El violín como preciada extremidad
Leticia Moreno recupera parte del repertorio español olvidado y lo exhibe, junto a otras grandes piezas, en su gira mundial La violinista es una de las figuras emergentes de la música clásica
Leticia Moreno (Madrid, 1985) lleva su oficina colgada de su angulosa espalda. Dentro de una funda negra esconde su preciado Gagliano, un violín construido en 1762 por el legendario lutier napolitano; pero también otros enseres prácticos y las fotos de tres pilares de su carrera: Mstislav Rostropovich, Maxim Vengerov y David, su hijo de seis años. Su última gran enseñanza. “Me ha puesto las prioridades muy claras. Me ha llenado de fuerza e ilusión y me ha permitido verlo todo con otra mirada”.
Elegante y de un talento desbordante es con 28 años uno de los estandartes de esa generación de músicos llamada a cambiar la percepción de la clásica. Para ello, sabe bien que el envoltorio de la propuesta es fundamental y participa en experimentos como los Yellow Lounge de Deutsche Grammophon o en programas específicos dirigidos a abrir de par en par las puertas de los conciertos.

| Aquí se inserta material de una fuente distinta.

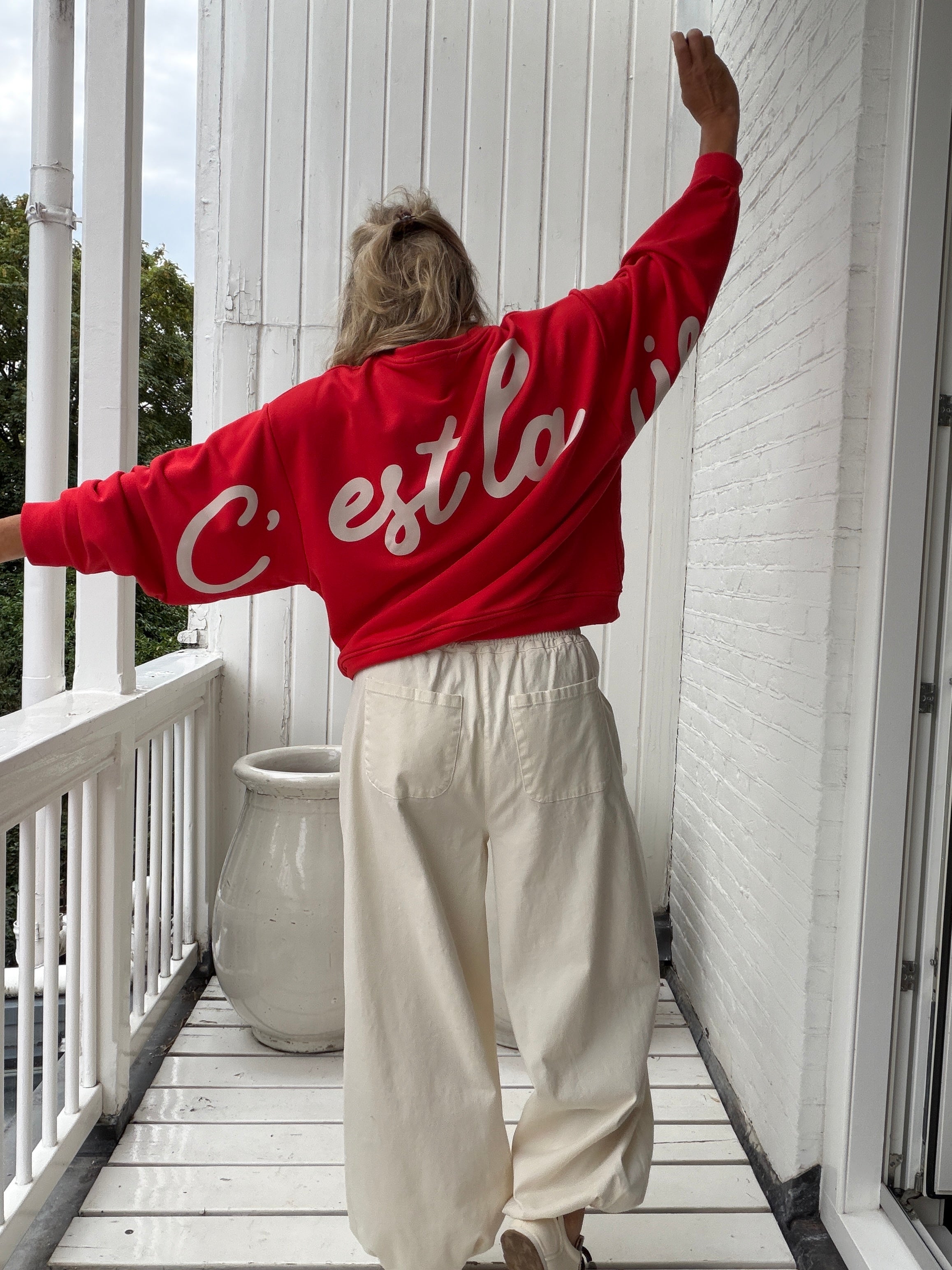 Sweater - Bella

Pero al final lo que permanece y lo que ella irradia es ese respeto reverencial a la música y al compositor en su interpretación.
Sentada en uno de los sofás del Círculo de Bellas Artes reflexiona sobre este cambio de paradigma. “Hoy las orquestas ya no programan igual sus temporadas: la gente viaja mucho, decide en el último minuto… Hay que empaquetar las cosas de forma distinta. Muchos no lo querrán. El respeto por la música muchas veces te impone ese conservadurismo. Pero hay que saber escuchar al mundo. La música clásica no es conservadora y no hay que entender para disfrutarla. Te puedes dejar llevar y envolver por la música. Si hay obras que han perdurado tantos siglos es porque estremecen, emocionan, te llevan a descubrir cosas en ti mismo que no podrías descubrir de otra manera. La música es algo que te envuelve incluso físicamente, las ondas sonoras palpan tu cuerpo. Yo siento que se mete dentro de mí”, explica elocuentemente.

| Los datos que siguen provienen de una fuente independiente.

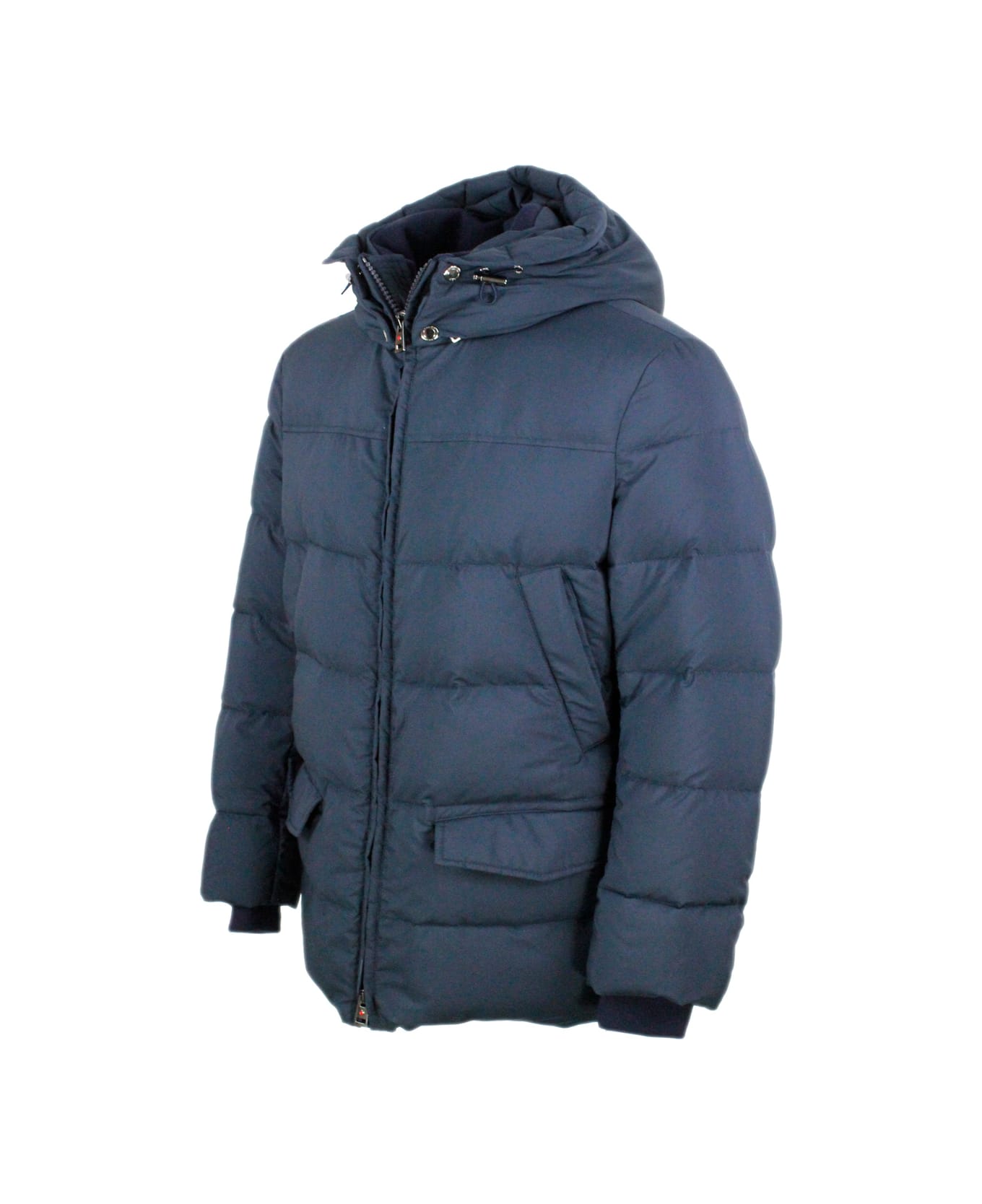 Kired Down Jacket - Blue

El respeto por la música muchas veces te impone ese conservadurismo. Pero hay que saber escuchar al mundo"
En su caso, esa comunión casi mística surgió cuando era muy pequeña. Con dos años y siete meses y a través de un viola de gamba que alguien llevó un día a la guardería. Se lo han contando. No lo recuerda, claro. Pero sí las horas de sacrificio de los años venideros. También esa sensación de que el mundo se venía abajo cuando no lograba arrancarle a las cuerdas una nota determinada. “Rostropovich me decía: ‘si no sale hoy, saldrá mañana’. Me volvía loca”.

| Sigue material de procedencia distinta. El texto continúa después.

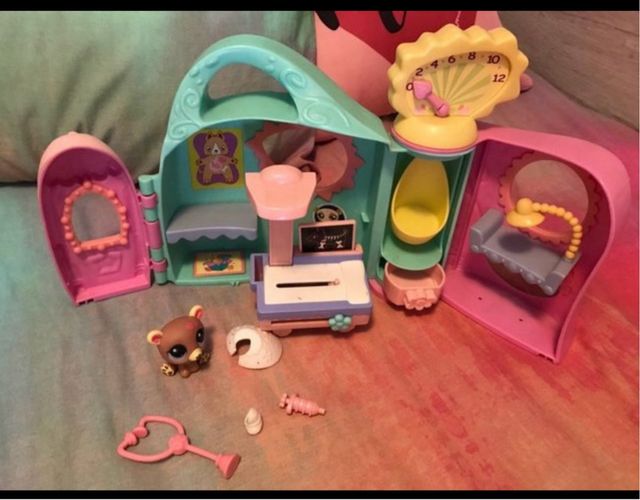 Centro de Recuperación LPS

El día que se conocieron, el maestro le pidió para la mañana siguiente el concierto de Chaikovski, el de Beethoven, el de Prokofiev (el segundo) y la sonata de César Franck. “Te vas a la tienda y te compras también el concierto de Stravinski y el de Britten”, le soltó. “Me quería pegar un tiro. Pero al día siguiente empezamos a estudiar, tocando juntos cosas del repertorio… Y así era cada clase. Había que aprender una eternidad de obras y la preparación era durísima para llegar a tocar para él. Siempre que venía se quedaba unas horas más para dedicármelas. Es algo que siempre recuerdo cuando estoy tocando. Hasta los ochenta y pico seguía lleno de energía para dedicárselo a los jóvenes. Teníamos que haber interpretado juntos en el escenario, pero la vida no lo quiso”.
La vida sí le puso entre las manos varios Stradivarius y un fabuloso Guarnieri (a través de un contrato temporal) que luego le arrebató. Pasó un año llorando por las noches en la habitación de Londres que compartía con su mejor amiga. Como si le hubiesen cortado un brazo, recuerda. Hasta que dio con el artefacto de Gagliano y su magnífica paleta de colores y dinámicas. Una joya que encajaba perfectamente con su temperamento musical, pero evidentemente cara. “Unos se compran una casa, otros un Ferrari… Yo compré esto antes que una vivienda”, señala sobre el desembolso que los músicos suelen hacer para sus instrumentos de trabajo.
Embarcada en una gira mundial (Cité de París, el Barbican de Londres, el Musikverein de Viena, el Concertgebouw), pasea también por el mundo Spanish Landscapes, el disco que lanzó hace unos meses con Deutsche Grammopohon. Un proyecto que ella misma puso en marcha para recuperar algunas piezas del repertorio español menos conocidas como la Sonata para violín y piano de Enrique Granados o El poema de una Sanluqueña de Joaquín Turina. “He podido presentar parte de un repertorio ignorado durante mucho tiempo y ni yo misma no conocía, pero ahora veo un tesoro”. Lo mismo que ven hoy en ella directores y programadores.